We are aware of just two studies that assess postnatal kidney size in infants or children of diabetic mothers. Bos et al57 measured kidney length in 20 healthy newborn controls and 20 infants born to women with Type 1 diabetes. As in our study, diabetic mothers were tightly controlled and no differences in infant left or right kidney lengths were reported. Conversely, Cappuccini et al40 reported reduced renal cortical volume and microalbuminuria in 3‐year‐old children of women with pre‐existing diabetes (n = 13) and GDM (n = 29), compared to 21 children whose mothers had not had diabetes. It is possible that women who had GDM in the latter study had greater levels of hyperglycaemia than women in the present study, as 86% of their participants required insulin. However, maternal glucose profiles were not reported.

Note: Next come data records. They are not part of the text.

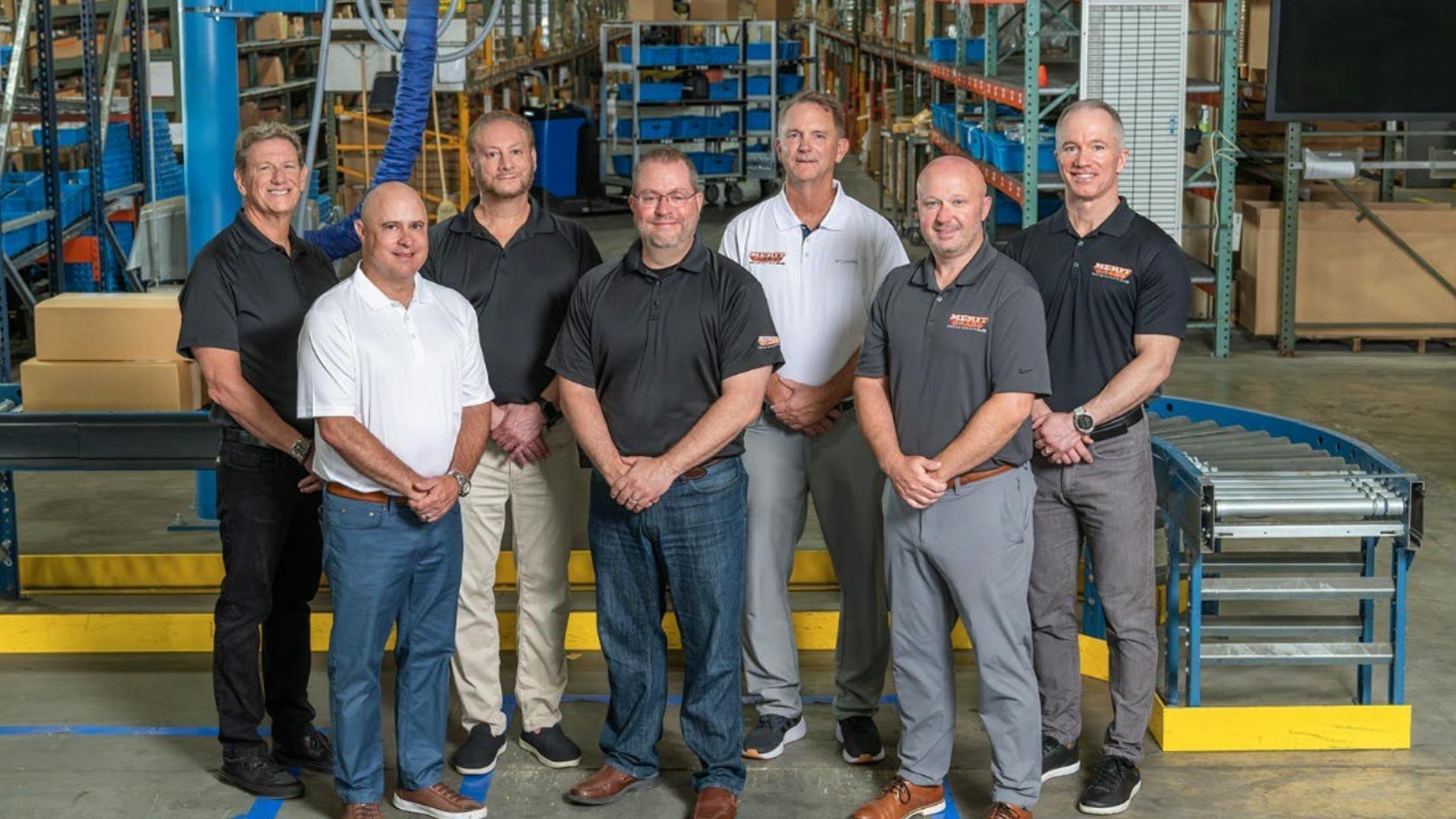 (Left to right) back row: CEO-Alan Lipp, CEO-Marc Schlessinger, VP of Operations-Glenn Bruce, VP of Procurement-James Maloney. Front Row: VP of Sales-Don Russell, President-Darren Hilliard, CFO-Michael Wolosyzn.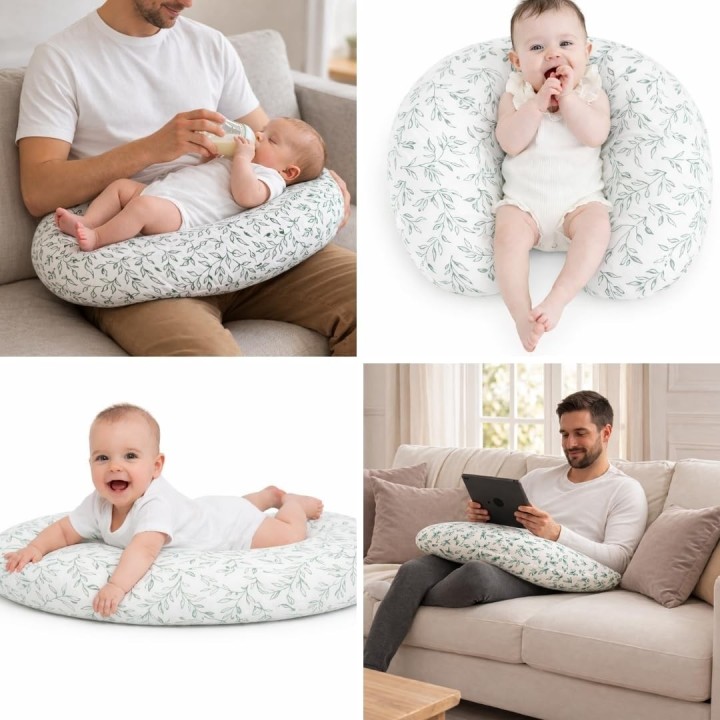 Cojin lactancia flores verdes ergonomico con 2 muselinas oeko tex funda lavable embarazo y bebe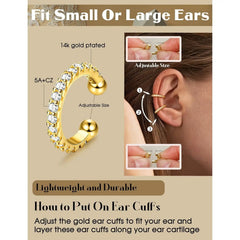 4 Pairs Ear Cuffs Non Piercing - 14K Gold Plated Ear Cuff Earrings Set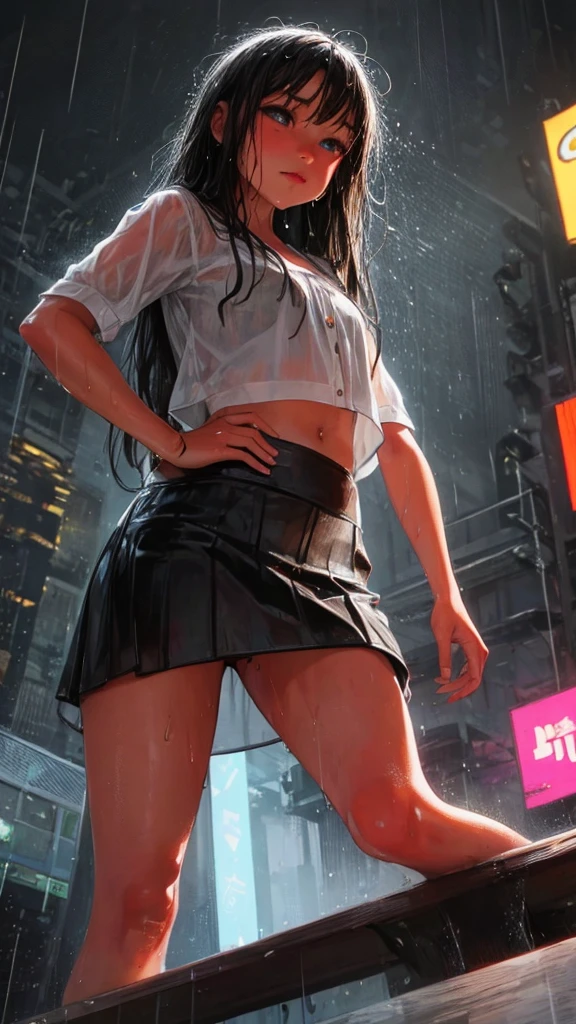 ultra-detailed, vibrant colors, soft natural lighting, fine art, bokeh effect. upper body, casual outfit, medium shot, big eyes, huge eyes, ((standing)), ((raining:1.4)), under the rain, ((gray colours:1.5)), ((at night)), ((dark atmosphere:1.5)), ((small breasts:1.3)), ((flat chest)), ((neon lights:1.4)), ((Hong kong view on the background:1.4)), ((wet hair:1.5)), ((wet:1.4)), ((mini skirt:1.4)), ((view from below:1.4))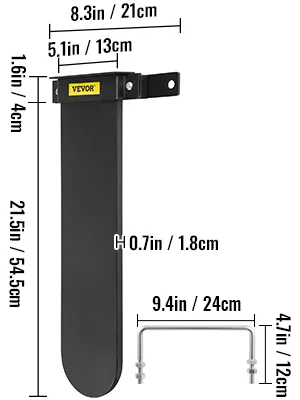 VEVOR chainsaw holder with measurements: 21x4cm, 13cm, 54.5cm, 1.8cm, 24x12cm.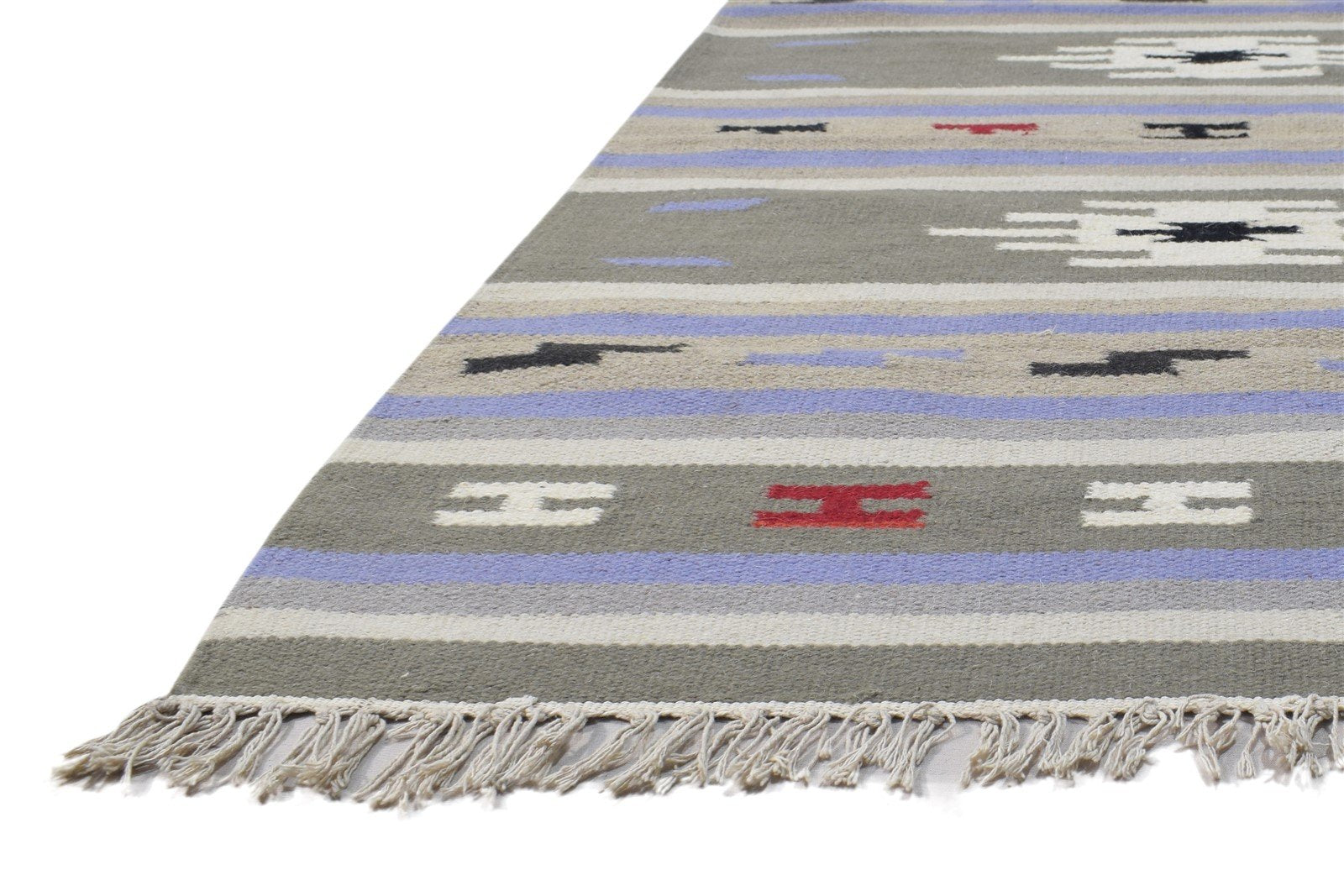 Wool Grey Rug 3' X 5' Persian Dhurrie Southwestern Tribal Small Carpet   7864383635605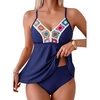 image:imageAleumdr Womens 2 Piece Tankini Set Embroidered Floral V Neck 2026 SwimwearBlue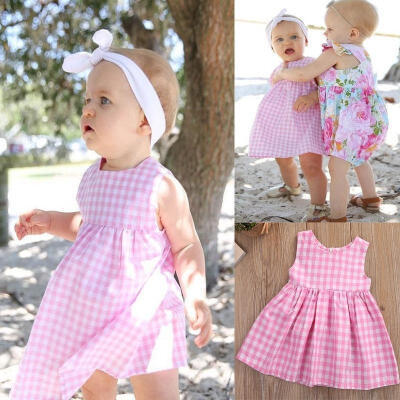 

Summer Baby Infant Girls Sleeveless Checked Dress One-pieces Outfits Dresses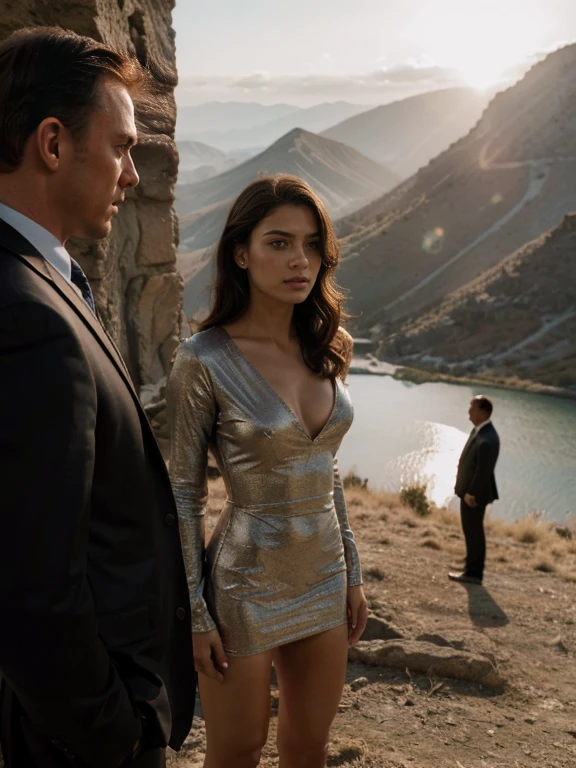 original photo,depth of field,dramatic,Inspired by the 007 movie,(Real movie stills:1.3),007 movie style,(best quality, high resolution:1.2), perfect composition,Super detailed details, (actual、lifelike、Realism:1.3), at sunset,spectacular cloud formations,top of mountain,Full body female love,Tall man,sexy woman,((1 woman and 2 men together)), The woman's hair is very messy,Woman wearing intricate evening dress,hollow,pattern,badge,Threatening atmosphere,007 atmosphere, Threatening atmosphere,Agent atmosphere,Blood on the face, close up, Perfect body,性感的long legs,long legs,Highly detailed facial details, real background,background是top of mountain的沙漠,Stills from the real 007 movie,Movie plot,(sharp focus:1.2), Very detailed, (lifelike:1.4), (The original image, 8K high resolution:1.2), RAW candid movies, 16 mm, Color graded Portra 400 film, Surreal, subsurface scattering, Ray tracing, (Volumetric lighting),((Behind the woman stood two men in suits))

In conclusion, our findings indicate that a period of mild hyperglycaemia prior to GDM diagnosis and treatment does not alter kidney volume at 32‐34 weeks gestation. Further studies to assess kidney size and function in children and adults of both well controlled and poorly controlled (or untreated) GDM are warranted to validate the effectiveness of GDM treatment protocols—an important area of research given the limited number of studies in this field and the increasing number of women diagnosed with GDM.

CONFLICT OF INTEREST

The authors declare they have no conflict of interest.

AUTHOR CONTRIBUTIONS

All authors participated in review of the manuscript and the data shown and have read and approved the final version of the manuscript. Specifically: Study design (LAC‐M, VP, JI, MJB, DR, PC, CA, JAA, JB, EW); participant recruitment (SH, NNdZ, BC, VA); acquisition of data (SH, NNdZ, BC, VA, CE); data analysis and interpretation (SH, JB, LAC‐M); preparation of manuscript (SH, NdZ, JB, LAC‐M); review of manuscript (all authors).

ETHICAL APPROVAL

All procedures performed in this study were in accordance with the ethical standards of the institutional and/or national research committee and with the 1964 Helsinki declaration and its later amendments or comparable ethical standards.